Никогда не забуду нашей первой более личной встречи. Мы были знакомы лишь шапочно, как бывают знакомы между собой соседи, живущие в одном доме. Однажды вечером, возвращаясь из конторы, я, к своему удивлению, застал господина Галлера сидящим на лестничной площадке между вторым и третьим этажом. Он сидел на верхней ступеньке и подвинулся в сторону, чтобы меня пропустить. Я спросил его, не чувствует ли он себя плохо, и предложил ему проводить его до самого верха.
Галлер посмотрел на меня, и я понял, что вывел его из какого-то сонного состояния. Он медленно улыбнулся своей красивой и грустной улыбкой, которой так часто надрывал мне сердце, а потом пригласил меня сесть рядом с ним. Я поблагодарил и сказал, что не привык сидеть на лестнице перед чужими квартирами.
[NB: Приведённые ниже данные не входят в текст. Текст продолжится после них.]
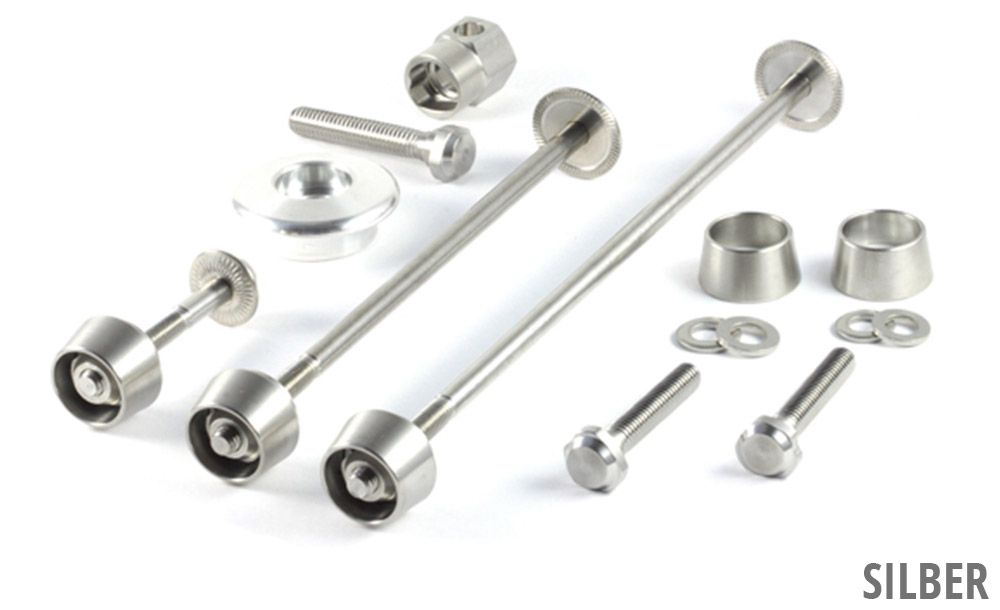 PitLock Set 02 / GA / BR Sicherungskit kaufen | Bike-Discount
— Ах да, — сказал он и улыбнулся еще раз. — Вы правы. Но погодите минутку, я покажу вам, почему я здесь присел.
Тут он указал на площадку перед квартирой второго этажа, где жила одна вдова. На крошечном пятачке паркета между лестницей, окном и застекленной дверью стоял у стены высокий шкаф красного дерева со старинными оловянными украшениями, а на полу перед шкафом, в больших горшках на двух низких подставочках, стояли два растения, азалия и араукария. Растения выглядели красиво и содержались всегда безупречно опрятно, что я уже с удовольствием отмечал.
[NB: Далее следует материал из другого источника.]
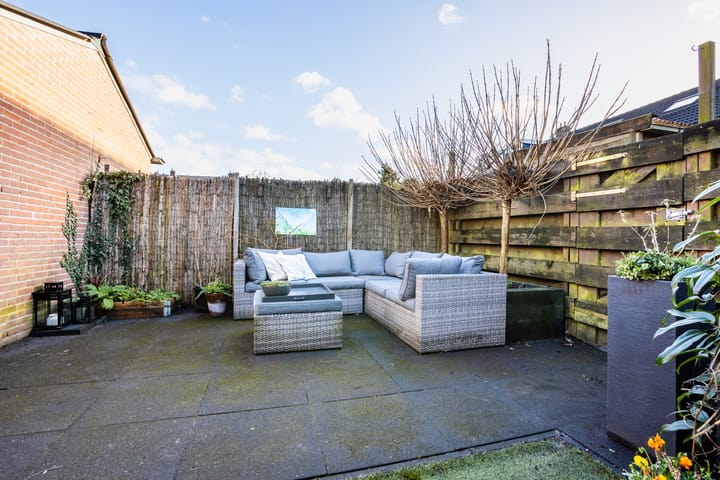 Foto 39 van De Bonkelaar 18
— Видите, — продолжал Галлер, — эта площадочка с араукарией, здесь такой дивный запах, что я часто прямо-таки не в силах пройти мимо, не помешкав минутку. У вашей тетушки тоже все благоухает и царят порядок и чистота, но эта вот площадочка с араукарией — она так сверкающе чиста, так вытерта, натерта и вымыта, так неприкосновенно опрятна, что просто сияет. Мне всегда хочется здесь надышаться — чувствуете, как здесь пахнет? Как этот запах воска, которым натерт пол, и слабый привкус скипидара вместе с красным деревом, промытыми листьями растений и всем прочим создают благоухание, создают высшее выражение мещанской чистоты, тщательности и точности, исполнения долга и верности в малом. Не знаю, кто здесь живет, но за этой стеклянной дверью должен быть рай чистоты, мещанства без единой пылинки, рай порядка и боязливо-трогательной преданности маленьким привычкам и обязанностям.
Поскольку я промолчал, он продолжил:
— Пожалуйста, не думайте, что я иронизирую! Дорогой мой, я меньше всего хотел бы подтрунивать над этим мещанским порядком. Верно, я сам живу в другом мире, не в этом, и, пожалуй, не выдержал бы и дня в квартире с такими араукариями. Но хоть я и старый, немного уже облезлый степной волк, я тоже как-никак сын своей матери, а моя мать тоже была мещанка, она разводила цветы, следила за комнатой и за лестницей, за мебелью и за гардинами и старалась придать своей квартире и своей жизни как можно больше опрятности, чистоты и добропорядочности. Об этом напоминает мне запах скипидара, напоминает араукария, и вот я порой сижу здесь, гляжу на этот тихий садик порядка и радуюсь, что такое еще существует на свете.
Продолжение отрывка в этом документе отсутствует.